# Solve Trading Bot using Rainbow DQN


In [None]:
%%bash

pip install numpy pandas pytorch-lightning tensorboard

#### Import the necessary code libraries

In [None]:
import copy
import torch
import random

import pandas as pd
import numpy as np

import torch.nn.functional as F

from collections import deque
from IPython.display import HTML
from base64 import b64encode

from torch import nn
from torch.utils.data import DataLoader
from torch.utils.data.dataset import IterableDataset
from torch.optim import AdamW

from pytorch_lightning import LightningModule, Trainer


device = 'cuda:0' if torch.cuda.is_available() else 'cpu'
num_gpus = torch.cuda.device_count()

print(f'device {device} num_gpus {num_gpus}')

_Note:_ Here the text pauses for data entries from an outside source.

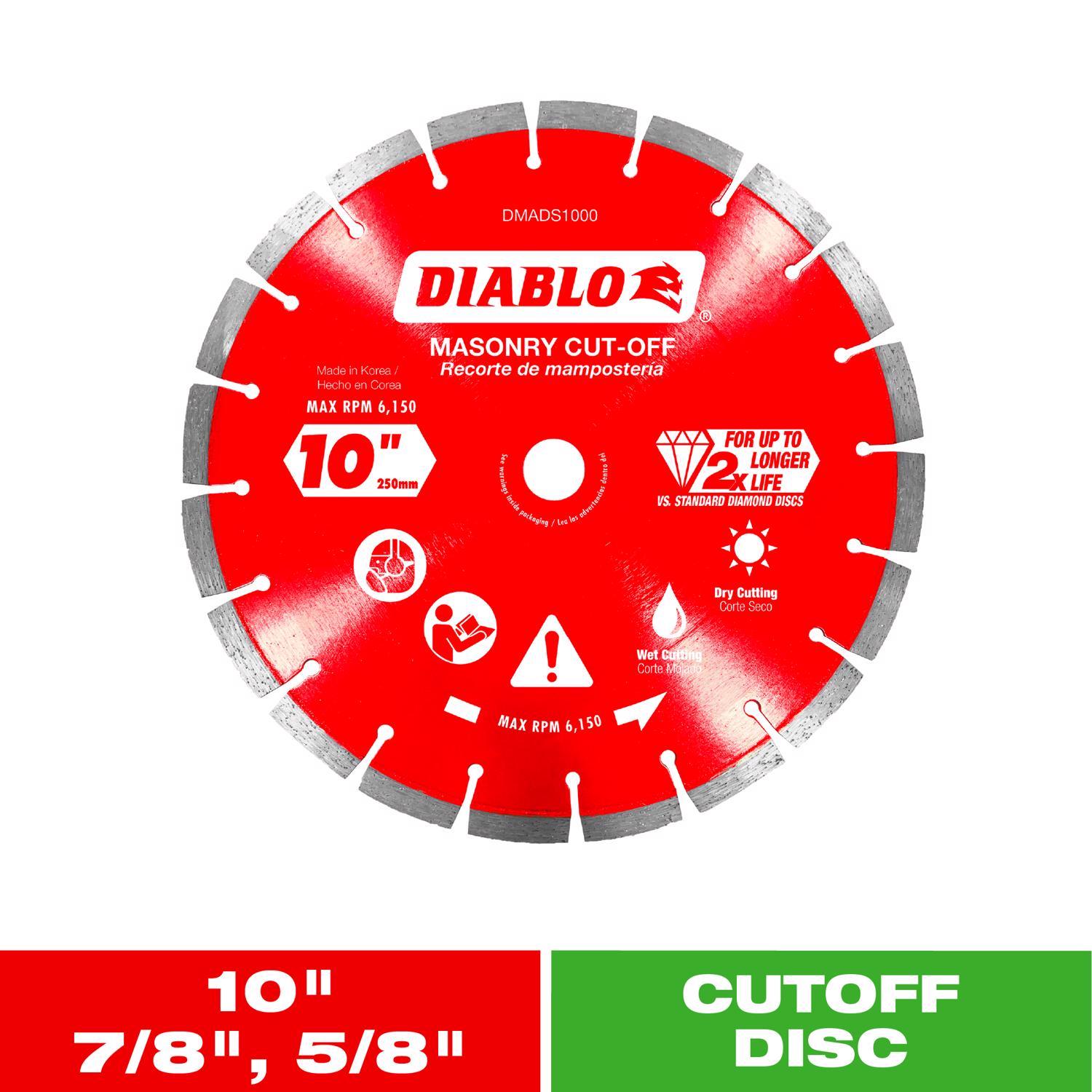 Diablo 10 in. D X 7/8 in. Diamond Segmented Masonry Cut-Off Disc 1 pk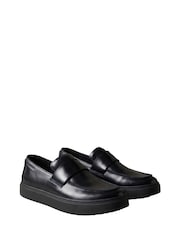 Calvin Klein Black Leather Hybrid Cupsole Loafers - Image 5 of 8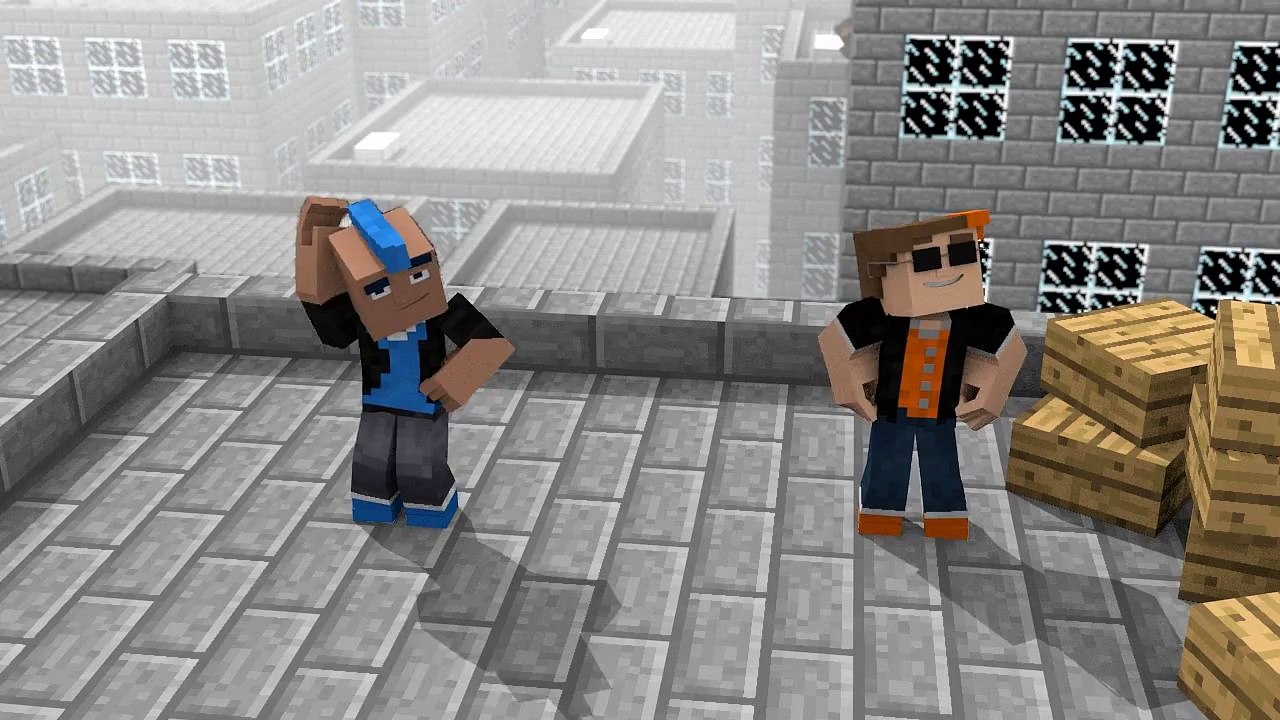 Minecraft Parkour Race Animation! Extreme Parkour Tricks!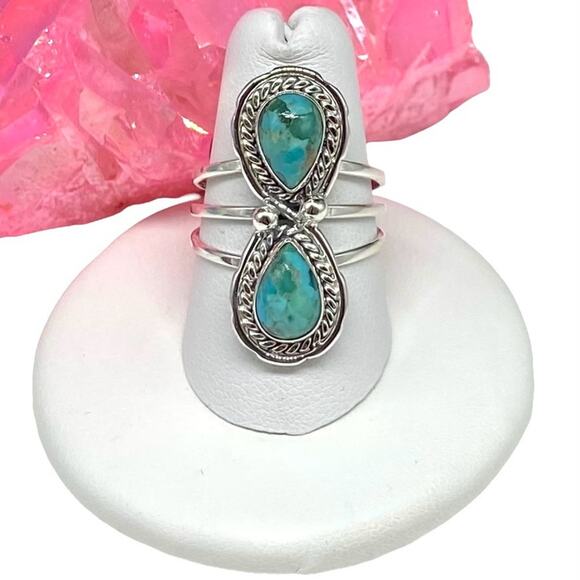 Kingman Turquoise Ring Size 8 Solid 925 Sterling Silver Hour Glass Hourglass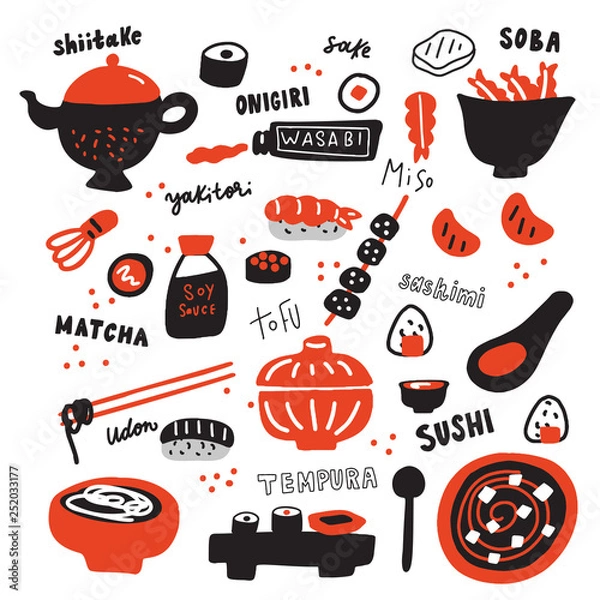 Fototapeta Set of Hand drawn japanese food and its names. Doodles. typography. Made in vector.
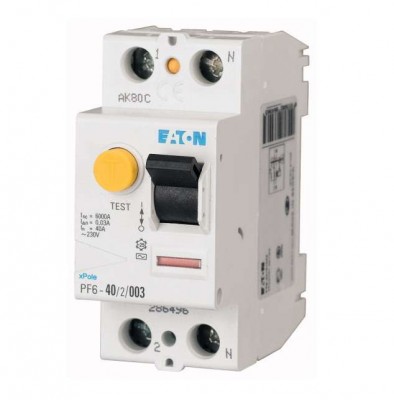 Выключатель дифференциального тока (УЗО) 2п 40А 300мА тип AC 6кА PF6 EATON 286498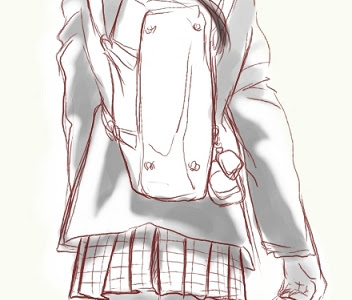 女の子 後ろ姿 イラスト 素材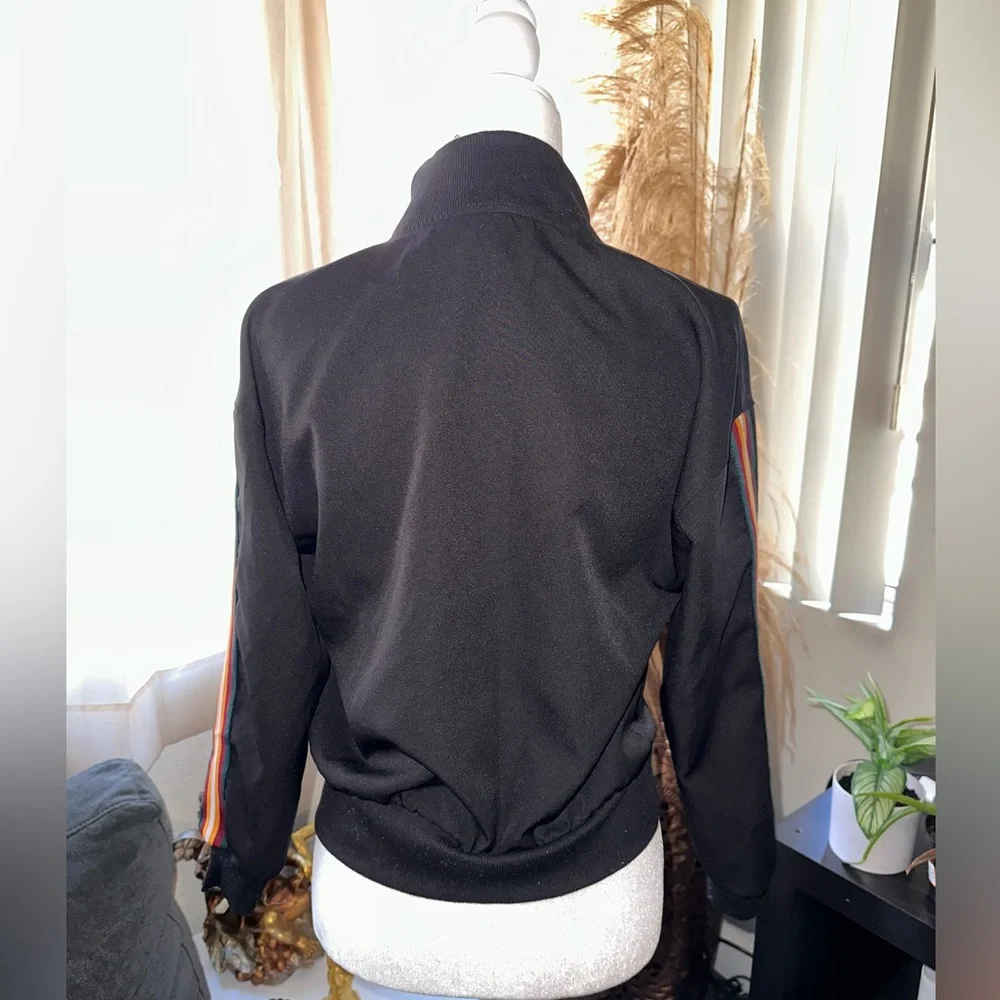 Black Jacket with Red Green Orange White stripes size S - Picture 7 of 15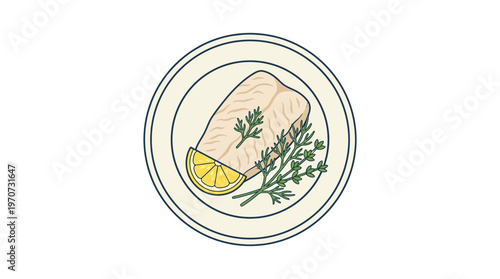 Minimal flat vector illustration of fish fillet with lemon slice and herbs, plated seafood dish concept, clean outline, simple composition,
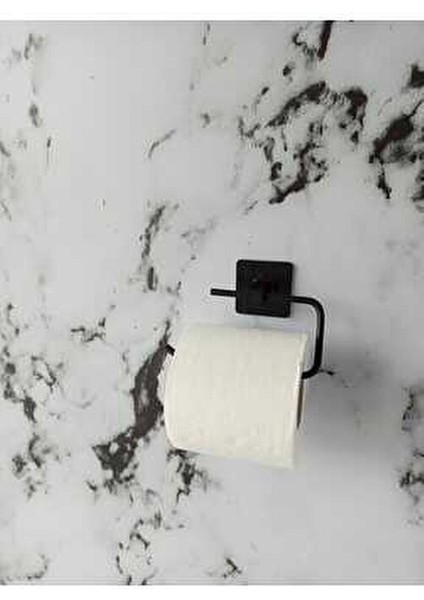 Banyo Kare Siyah Yapışkanlı Kapaklı Tuvalet Kağıtlığı Wc Kağıtlık Modern Stil ve Kolay Temizlik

#### Create the Deep Q-Network

In [None]:
import math 
from torch.nn.init import kaiming_uniform_, zeros_

# Noisey DQN
# Add w_sigma and b_sigma components to the linear equation to add random noise
# These components help determine the significance of individual paramters efficiently
# Eliminates the need for "epsilon greedy" policy
class NoisyLinear(nn.Module):

  def __init__(self, in_features, out_features, sigma):
    super(NoisyLinear, self).__init__()
    self.w_mu = nn.Parameter(torch.empty((out_features, in_features)))
    self.w_sigma = nn.Parameter(torch.empty((out_features, in_features)))
    self.b_mu = nn.Parameter(torch.empty((out_features)))
    self.b_sigma = nn.Parameter(torch.empty((out_features)))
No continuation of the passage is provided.